# My Apologies in Advance



## Rich Parsons (Feb 6, 2004)

Read this out loud and enoy 


CD ED BD Ducks

MR Not Ducks

OSAR CD ED BD Wings

YIB MR Ducks


----------



## michaeledward (Feb 6, 2004)

I guess I'm not that swift. Took me three or four times through it to make sense of it. Cute though - Mike


----------



## KenpoTess (Feb 6, 2004)

groans.. only took me 2 tries :rofl:

See da  iddy biddy ducks.. *snorts*
Gee Thanks Rich~!!!


----------



## Seig (Feb 6, 2004)

Ducks unlimited put out magnets with that about 10 years ago.


----------



## TheRustyOne (Feb 6, 2004)

*giggle* i think i've seen at least the MR Ducks on bumper-stickers here and there.


----------



## Rich Parsons (Feb 7, 2004)

> _Originally posted by KenpoTess _
> *groans.. only took me 2 tries :rofl:
> 
> See da  iddy biddy ducks.. *snorts*
> Gee Thanks Rich~!!! *




Try it on people who have had a few drinks, it is really funny.   
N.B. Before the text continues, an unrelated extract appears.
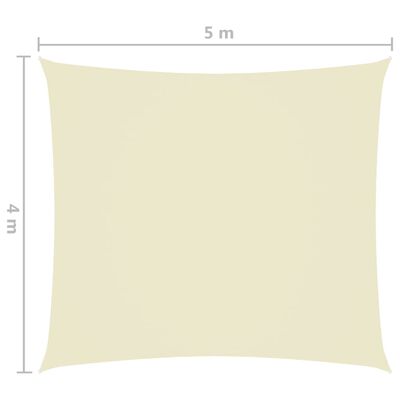 vidaXL Платно-сенник, Оксфорд текстил, правоъгълно, 4x5 м, кремаво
I did not know about the Duck Unlimited, I have heard similar things from my dad for years and years from the Shop. More than ten Years. Maybe Ducks Unlimited owns this version. If they do, I apologize again, yet for diiferent reason.

:asian:


----------



## theletch1 (Feb 9, 2004)

I had to take an A and R course in the military and one of the "encrypted" intercepts that we were given to try to break was ....
MR Duks
MR Not
OSAR C M wangs
LIB, MR Duks.

Yes, folks, high tech military intelligence at work there.


----------



## Rich Parsons (Feb 9, 2004)

> _Originally posted by theletch1 _
> *I had to take an A and R course in the military and one of the "encrypted" intercepts that we were given to try to break was ....
> MR Duks
> MR Not
> ...



Did you get into the ceasar encryption as well ?

Sorry I could not resist.


----------